[Opening Data listing section]

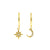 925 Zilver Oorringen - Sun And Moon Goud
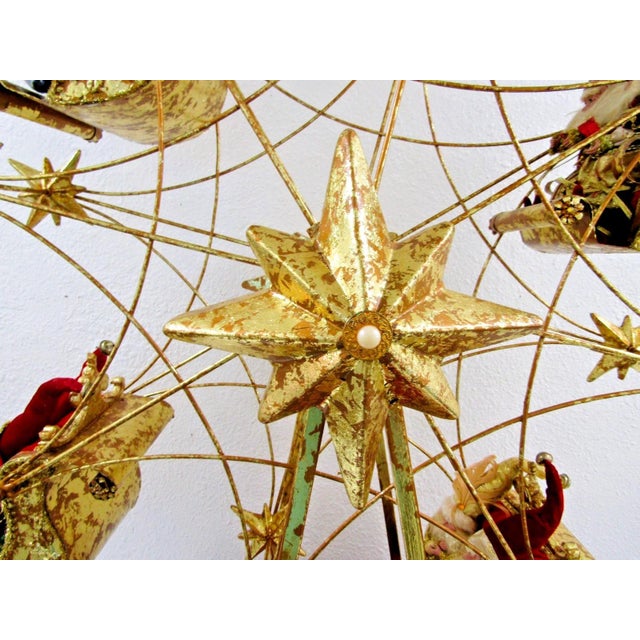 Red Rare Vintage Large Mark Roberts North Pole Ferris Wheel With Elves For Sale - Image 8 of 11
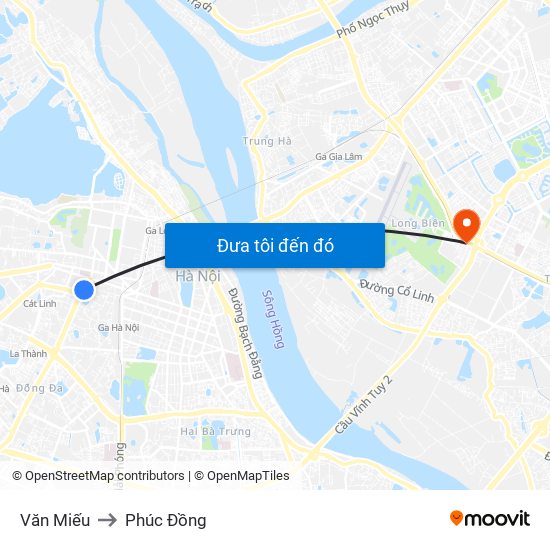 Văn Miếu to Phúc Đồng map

[Closing Data listing section]
[Opening Data listing section]

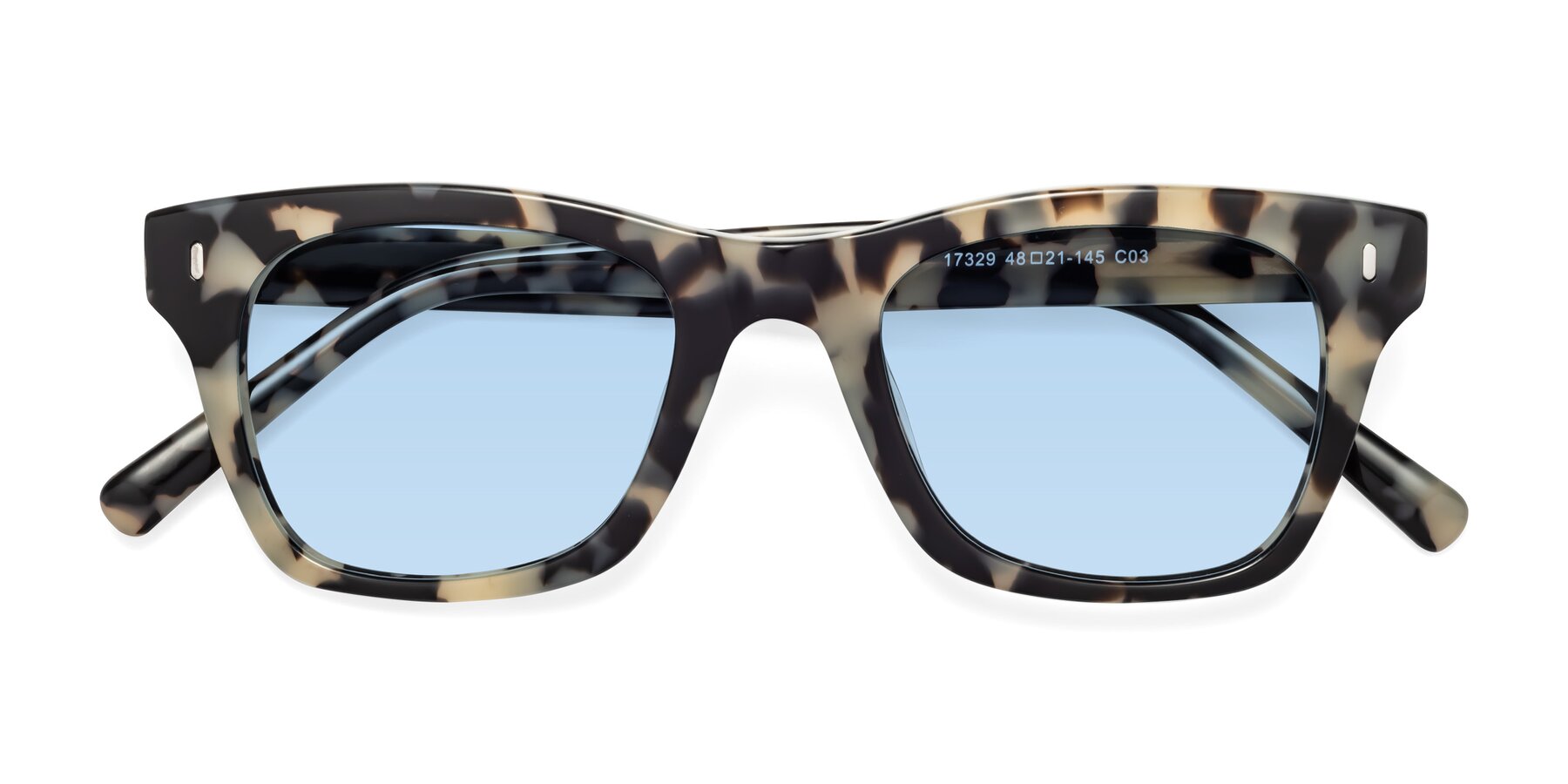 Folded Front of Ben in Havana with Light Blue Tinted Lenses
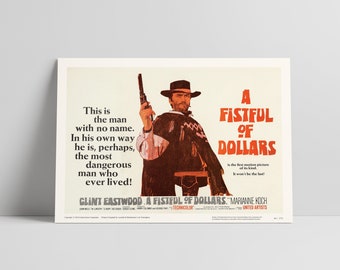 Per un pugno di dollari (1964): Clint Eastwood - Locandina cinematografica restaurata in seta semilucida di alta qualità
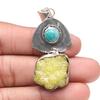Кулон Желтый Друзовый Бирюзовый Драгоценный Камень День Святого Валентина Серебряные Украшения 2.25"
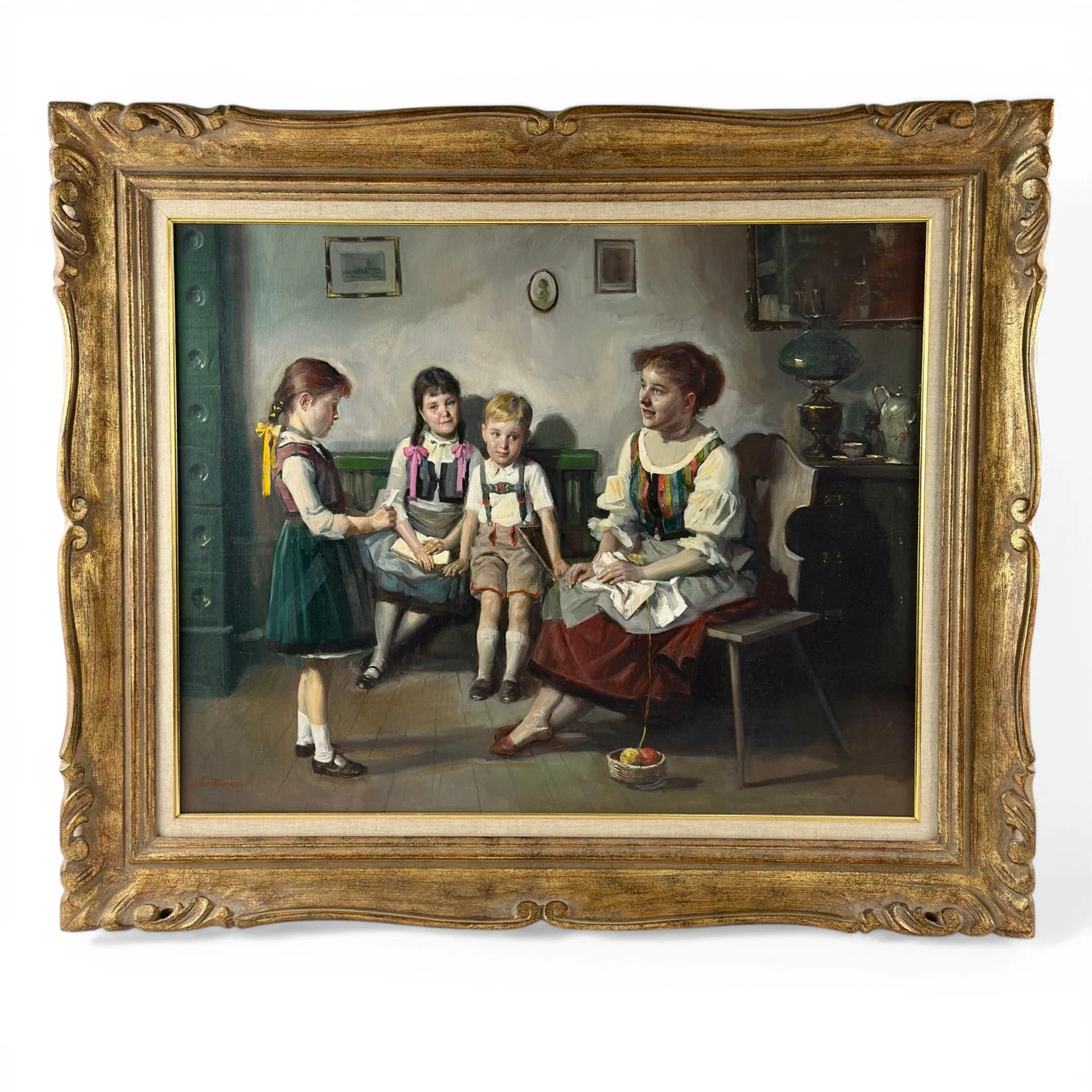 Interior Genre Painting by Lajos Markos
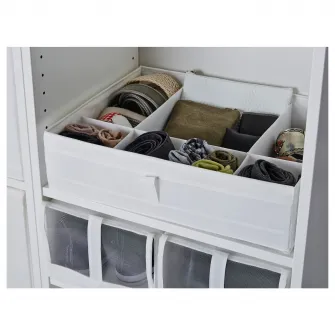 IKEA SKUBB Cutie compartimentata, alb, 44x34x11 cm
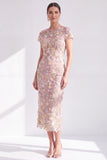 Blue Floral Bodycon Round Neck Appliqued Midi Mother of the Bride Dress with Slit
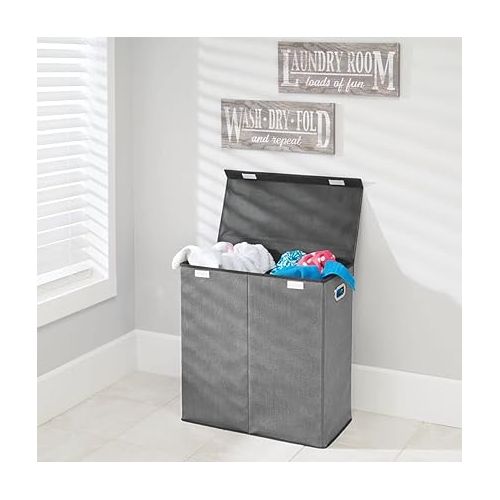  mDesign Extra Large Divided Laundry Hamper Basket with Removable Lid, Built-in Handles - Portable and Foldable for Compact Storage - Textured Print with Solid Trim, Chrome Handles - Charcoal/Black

[Closing Data listing section]
[Opening Data listing section]

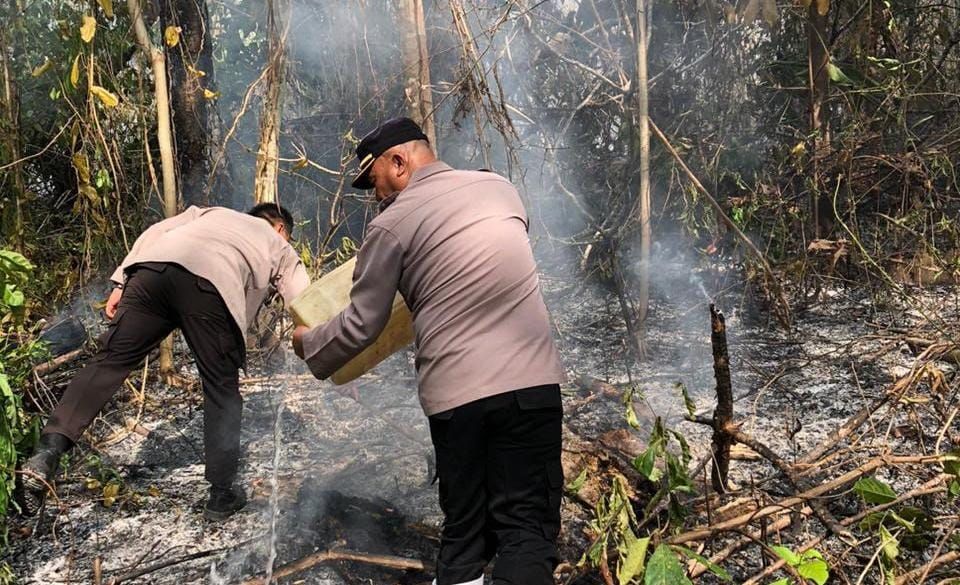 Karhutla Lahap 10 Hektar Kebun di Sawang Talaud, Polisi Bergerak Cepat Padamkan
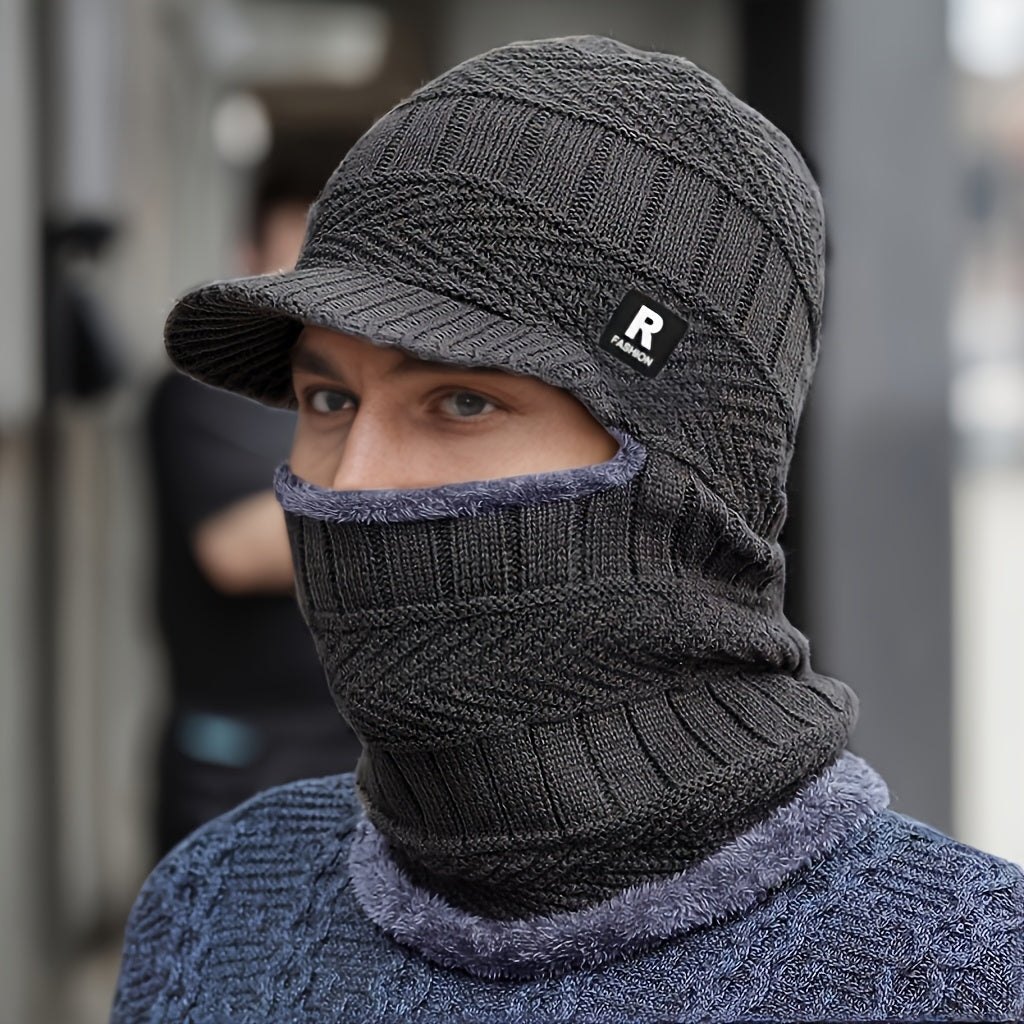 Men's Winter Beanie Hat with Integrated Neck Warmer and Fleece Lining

[Closing Data listing section]

- Aim of the exercise: Reproduce the lines above starting at the one with "925 Zilver Oorringen - Sun And Moon Goud" and ending at the one with "Văn Miếu to Phúc Đồng map", both included, exactly and with no pictures.

- Solution to this problem:
 925 Zilver Oorringen - Sun And Moon Goud
 Red Rare Vintage Large Mark Roberts North Pole Ferris Wheel With Elves For Sale - Image 8 of 11
 Văn Miếu to Phúc Đồng map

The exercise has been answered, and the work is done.